If I need to find generating function of such a sum: $\sum_{k=0}^{n} (n-k) a_k$,
can I write $\sum_{k=0}^{n} (n-k) a_k = \sum_{n\ge 0} nx^n \cdot \sum_{n\ge 0} a_nx^n \cdot \frac{1}{1-x}$ and then multiply the closed forms of the two generating functions and $\frac{1}{1-x}$ and then use partial fraction expansion to turn it into a series? Would that be correct?

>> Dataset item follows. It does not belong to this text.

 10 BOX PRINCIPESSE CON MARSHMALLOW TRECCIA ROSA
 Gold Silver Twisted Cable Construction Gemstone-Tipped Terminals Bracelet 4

You’re thinking in the right direction, but the details are a bit off. It makes no sense to write $$\sum_{k=0}^{n} (n-k) a_k = \sum_{n\ge 0} nx^n \cdot \sum_{n\ge 0} a_nx^n \cdot \frac{1}{1-x}\;:$$ the lefthand side is a constant, and the righthand side is a non-constant function of $x$. What is true is that
$$\left(\sum_{n\ge 0}nx^n\right)\left(\sum_{n\ge 0}a_nx^n\right)=\sum_{n\ge 0}\left(\sum_{k=0}^n(n-k)a_k\right)x^n\;.$$
We know that $$\frac{x}{(1-x)^2}=\sum_{n\ge 0}nx^n\;,$$ so if $g$ is the generating function for $\langle a_n:n\in\Bbb N\rangle$, then $\sum_{k=0}^n(n-k)a_k$ is the coefficient of $x^n$ in the power series expansion of
$$\frac{xg(x)}{(1-x)^2}\;.\tag{1}$$
If $g(x)$ is a rational function, you can in principle expand $(1)$ into partial fractions, expand in power series, and combine to get the desired coefficient.